WHAT TO DO
Omit the pictures and output exactly the lines from the start of the entries through the line containing "Second Floor Plan Option".

AVAILABLE DATA
◇ ◇ ◇

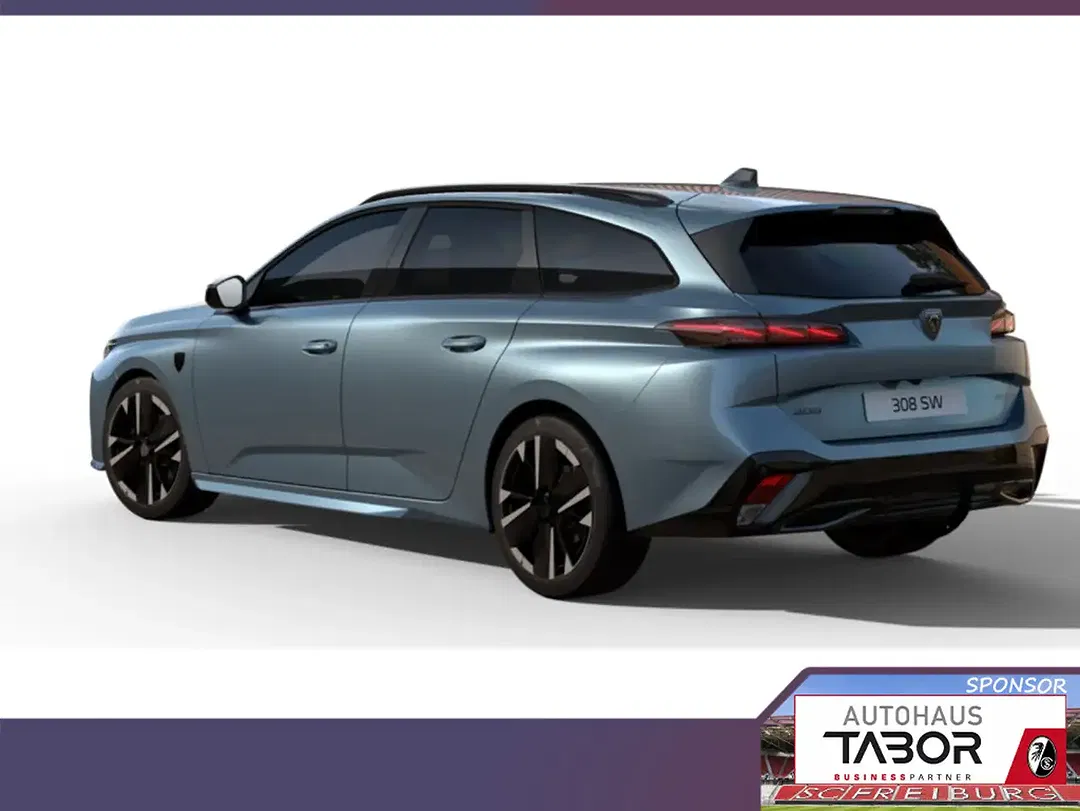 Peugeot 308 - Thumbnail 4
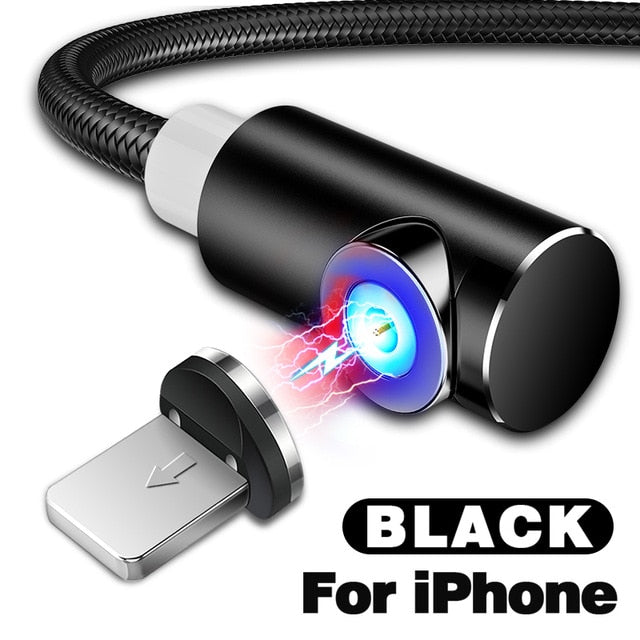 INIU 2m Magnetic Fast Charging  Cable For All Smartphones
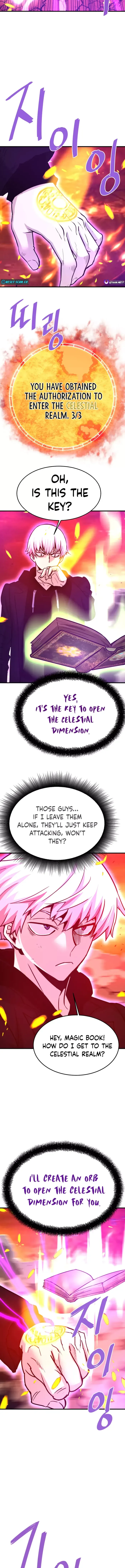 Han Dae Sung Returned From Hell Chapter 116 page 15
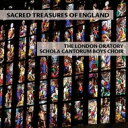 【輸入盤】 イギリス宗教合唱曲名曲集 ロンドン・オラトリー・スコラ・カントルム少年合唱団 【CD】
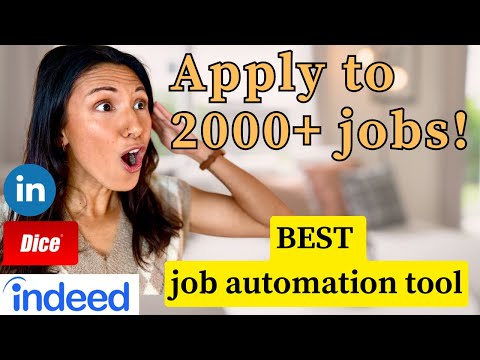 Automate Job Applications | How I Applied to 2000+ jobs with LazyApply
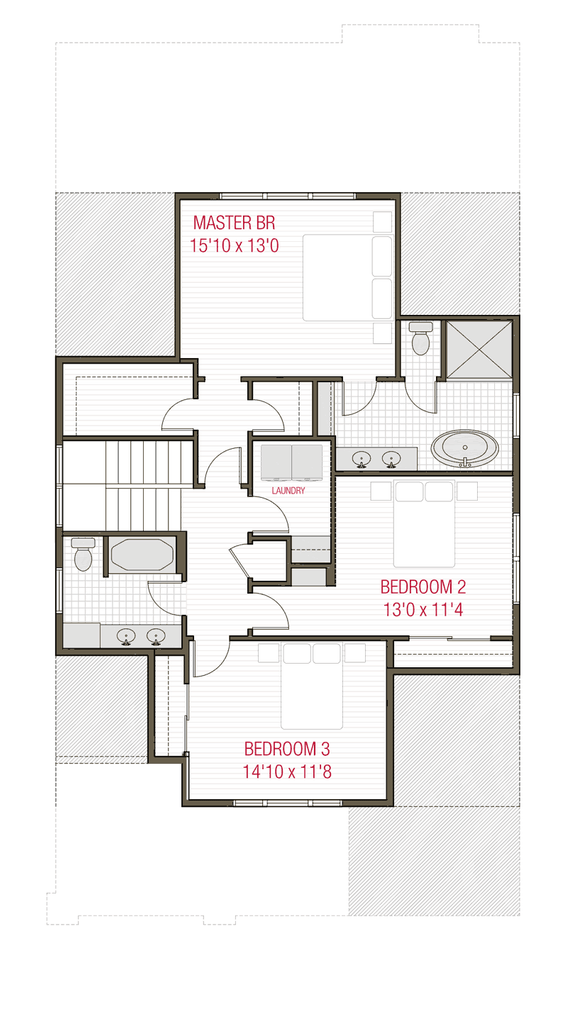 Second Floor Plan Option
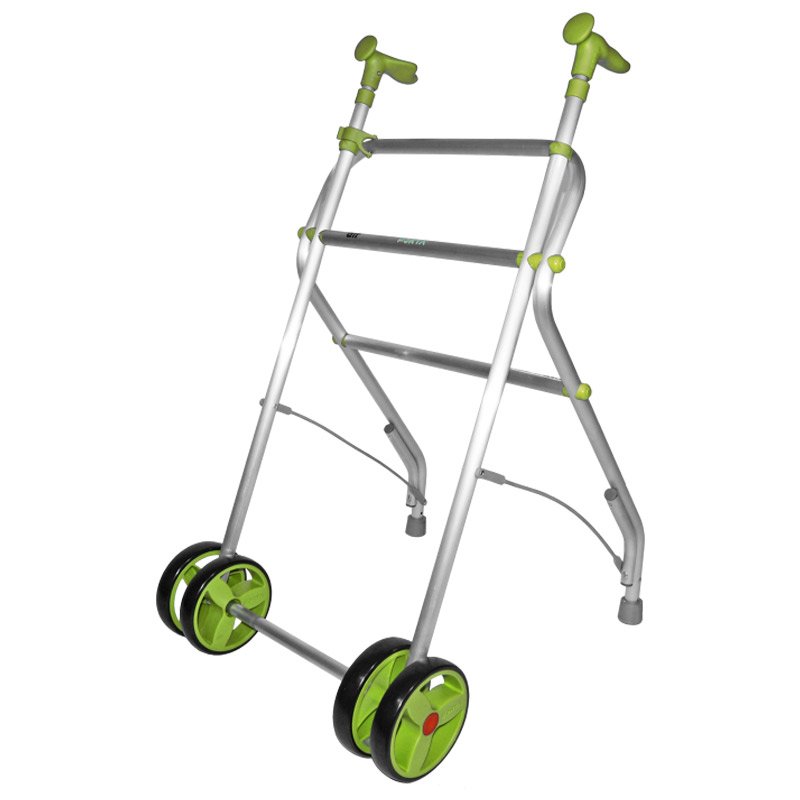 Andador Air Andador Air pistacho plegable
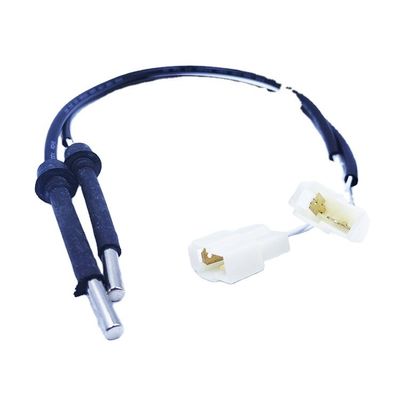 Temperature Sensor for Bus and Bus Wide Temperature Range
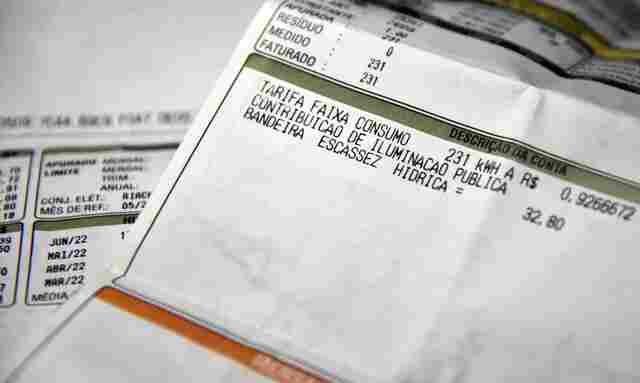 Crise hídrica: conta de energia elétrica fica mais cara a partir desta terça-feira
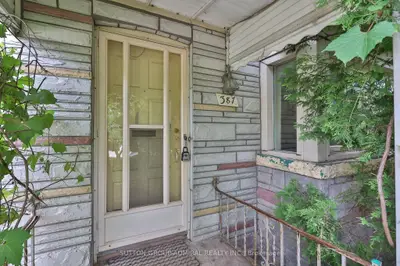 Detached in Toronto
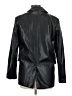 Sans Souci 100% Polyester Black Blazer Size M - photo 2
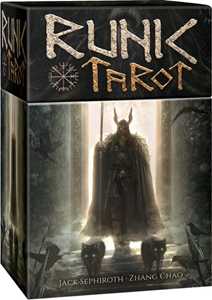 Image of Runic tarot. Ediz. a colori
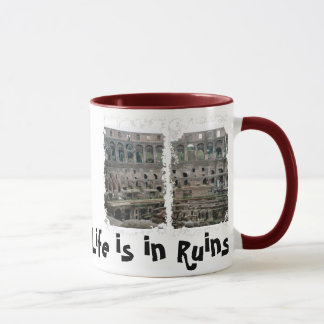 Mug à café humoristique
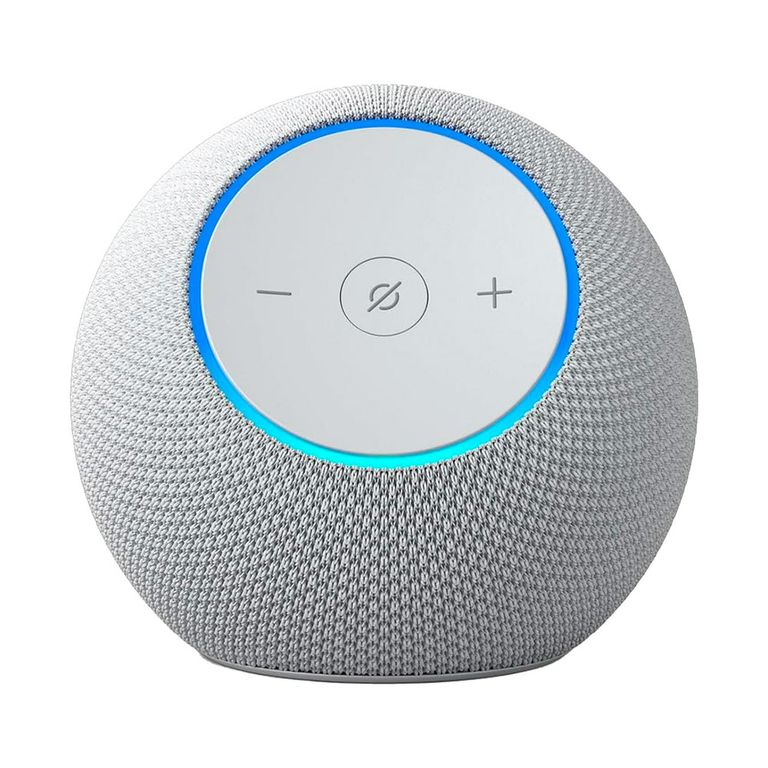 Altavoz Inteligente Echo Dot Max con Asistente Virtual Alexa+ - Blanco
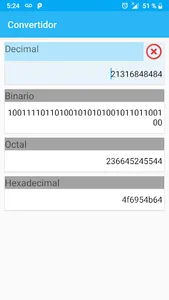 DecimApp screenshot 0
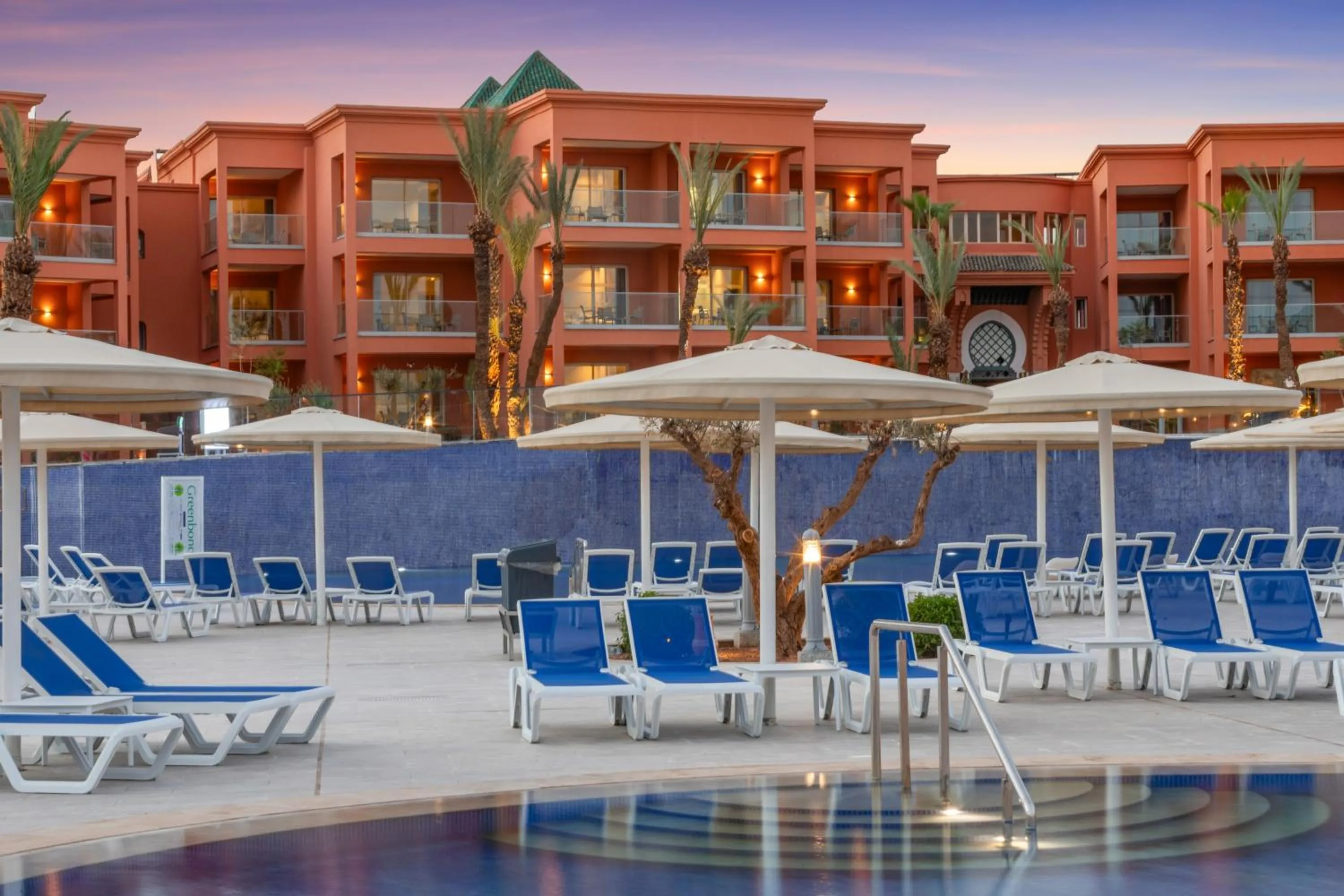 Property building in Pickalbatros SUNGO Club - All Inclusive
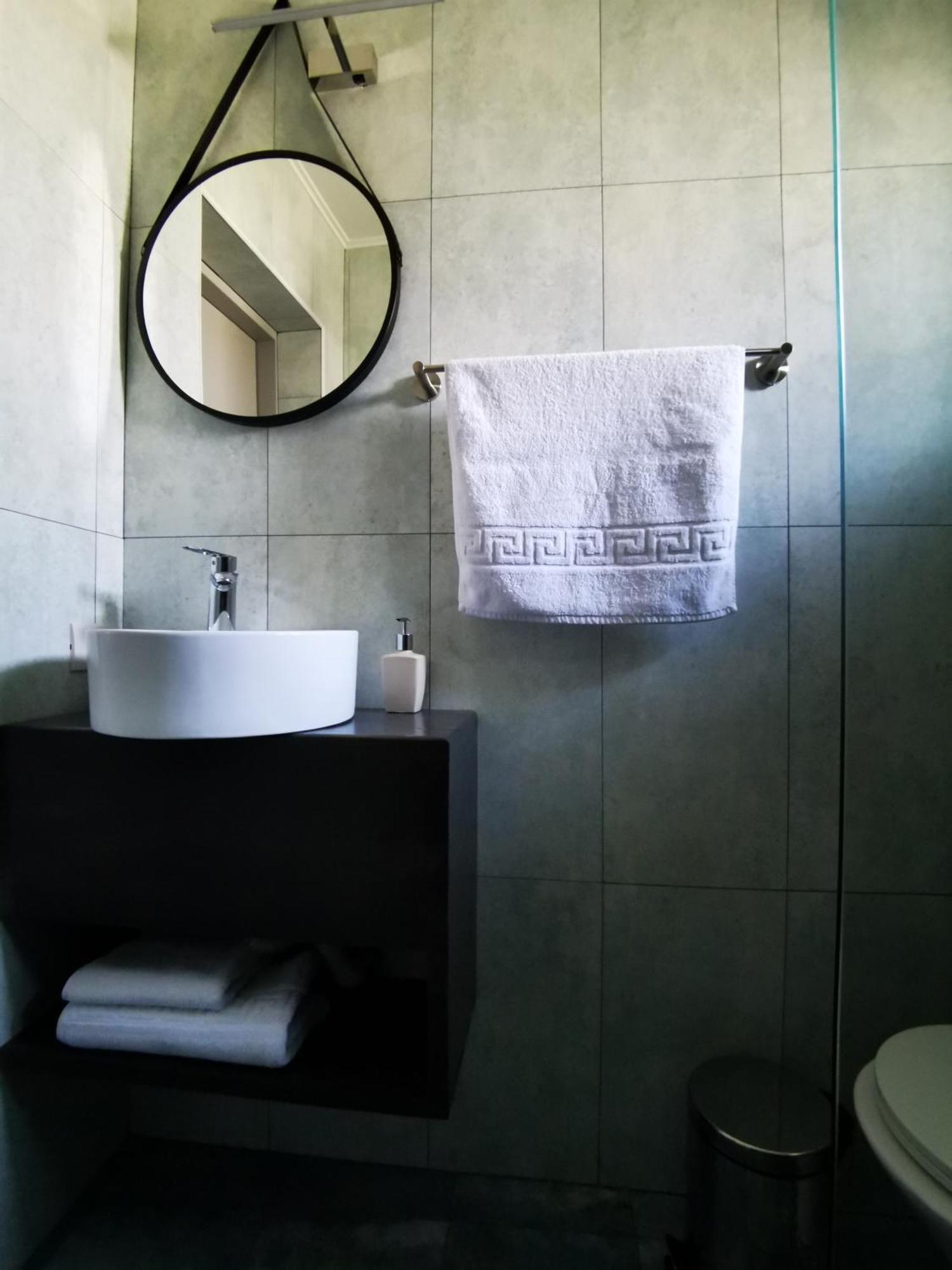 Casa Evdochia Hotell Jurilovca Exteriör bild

◇ ◇ ◇

EXPECTED ANSWER
 Peugeot 308 - Thumbnail 4
 INIU 2m Magnetic Fast Charging  Cable For All Smartphones
 Han Dae Sung Returned From Hell Chapter 116 page 15
 【輸入盤】 イギリス宗教合唱曲名曲集 ロンドン・オラトリー・スコラ・カントルム少年合唱団 【CD】
 Automate Job Applications | How I Applied to 2000+ jobs with LazyApply
 Second Floor Plan Option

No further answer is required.